Given records section start

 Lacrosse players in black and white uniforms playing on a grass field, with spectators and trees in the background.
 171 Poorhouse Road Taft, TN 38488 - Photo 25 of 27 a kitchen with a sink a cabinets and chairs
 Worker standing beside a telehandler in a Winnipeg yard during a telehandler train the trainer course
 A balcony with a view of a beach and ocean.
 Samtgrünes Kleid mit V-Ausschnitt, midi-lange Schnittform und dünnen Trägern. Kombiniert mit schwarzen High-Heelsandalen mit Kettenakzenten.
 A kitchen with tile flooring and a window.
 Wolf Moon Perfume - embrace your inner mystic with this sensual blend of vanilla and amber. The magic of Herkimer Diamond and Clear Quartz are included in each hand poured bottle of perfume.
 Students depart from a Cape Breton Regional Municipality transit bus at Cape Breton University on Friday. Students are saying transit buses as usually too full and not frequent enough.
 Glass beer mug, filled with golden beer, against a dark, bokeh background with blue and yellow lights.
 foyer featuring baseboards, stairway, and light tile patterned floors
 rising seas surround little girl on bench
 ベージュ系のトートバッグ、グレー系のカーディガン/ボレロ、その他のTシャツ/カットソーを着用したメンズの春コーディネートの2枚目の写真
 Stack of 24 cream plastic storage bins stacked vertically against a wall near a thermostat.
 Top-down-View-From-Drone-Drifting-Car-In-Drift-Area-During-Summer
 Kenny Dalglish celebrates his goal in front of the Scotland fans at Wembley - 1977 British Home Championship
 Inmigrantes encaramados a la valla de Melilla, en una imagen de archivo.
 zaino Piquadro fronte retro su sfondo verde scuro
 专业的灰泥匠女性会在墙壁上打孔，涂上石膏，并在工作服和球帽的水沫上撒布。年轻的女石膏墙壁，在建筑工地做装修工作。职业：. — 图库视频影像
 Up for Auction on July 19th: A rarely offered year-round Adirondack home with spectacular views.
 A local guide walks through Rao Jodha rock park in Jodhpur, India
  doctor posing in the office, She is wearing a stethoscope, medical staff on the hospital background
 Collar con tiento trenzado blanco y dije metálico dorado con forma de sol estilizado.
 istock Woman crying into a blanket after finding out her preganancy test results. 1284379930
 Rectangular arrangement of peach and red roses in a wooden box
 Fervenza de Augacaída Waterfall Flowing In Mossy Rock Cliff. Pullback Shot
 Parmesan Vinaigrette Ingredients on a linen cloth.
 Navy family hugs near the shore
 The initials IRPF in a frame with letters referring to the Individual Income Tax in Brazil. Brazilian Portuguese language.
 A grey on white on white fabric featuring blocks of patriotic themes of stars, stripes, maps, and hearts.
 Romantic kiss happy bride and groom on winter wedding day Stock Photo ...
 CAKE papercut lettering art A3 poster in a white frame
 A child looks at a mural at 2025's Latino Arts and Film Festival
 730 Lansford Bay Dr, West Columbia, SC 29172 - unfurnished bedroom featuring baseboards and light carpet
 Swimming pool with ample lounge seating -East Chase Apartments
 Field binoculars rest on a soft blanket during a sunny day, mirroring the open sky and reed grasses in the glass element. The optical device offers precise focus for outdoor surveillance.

Given records section end

Exercise brief ->
Each line from the top of the data, up to and including the line that contains "Navy family hugs near the shore", should be set down exactly.

Reply ->
 Lacrosse players in black and white uniforms playing on a grass field, with spectators and trees in the background.
 171 Poorhouse Road Taft, TN 38488 - Photo 25 of 27 a kitchen with a sink a cabinets and chairs
 Worker standing beside a telehandler in a Winnipeg yard during a telehandler train the trainer course
 A balcony with a view of a beach and ocean.
 Samtgrünes Kleid mit V-Ausschnitt, midi-lange Schnittform und dünnen Trägern. Kombiniert mit schwarzen High-Heelsandalen mit Kettenakzenten.
 A kitchen with tile flooring and a window.
 Wolf Moon Perfume - embrace your inner mystic with this sensual blend of vanilla and amber. The magic of Herkimer Diamond and Clear Quartz are included in each hand poured bottle of perfume.
 Students depart from a Cape Breton Regional Municipality transit bus at Cape Breton University on Friday. Students are saying transit buses as usually too full and not frequent enough.
 Glass beer mug, filled with golden beer, against a dark, bokeh background with blue and yellow lights.
 foyer featuring baseboards, stairway, and light tile patterned floors
 rising seas surround little girl on bench
 ベージュ系のトートバッグ、グレー系のカーディガン/ボレロ、その他のTシャツ/カットソーを着用したメンズの春コーディネートの2枚目の写真
 Stack of 24 cream plastic storage bins stacked vertically against a wall near a thermostat.
 Top-down-View-From-Drone-Drifting-Car-In-Drift-Area-During-Summer
 Kenny Dalglish celebrates his goal in front of the Scotland fans at Wembley - 1977 British Home Championship
 Inmigrantes encaramados a la valla de Melilla, en una imagen de archivo.
 zaino Piquadro fronte retro su sfondo verde scuro
 专业的灰泥匠女性会在墙壁上打孔，涂上石膏，并在工作服和球帽的水沫上撒布。年轻的女石膏墙壁，在建筑工地做装修工作。职业：. — 图库视频影像
 Up for Auction on July 19th: A rarely offered year-round Adirondack home with spectacular views.
 A local guide walks through Rao Jodha rock park in Jodhpur, India
  doctor posing in the office, She is wearing a stethoscope, medical staff on the hospital background
 Collar con tiento trenzado blanco y dije metálico dorado con forma de sol estilizado.
 istock Woman crying into a blanket after finding out her preganancy test results. 1284379930
 Rectangular arrangement of peach and red roses in a wooden box
 Fervenza de Augacaída Waterfall Flowing In Mossy Rock Cliff. Pullback Shot
 Parmesan Vinaigrette Ingredients on a linen cloth.
 Navy family hugs near the shore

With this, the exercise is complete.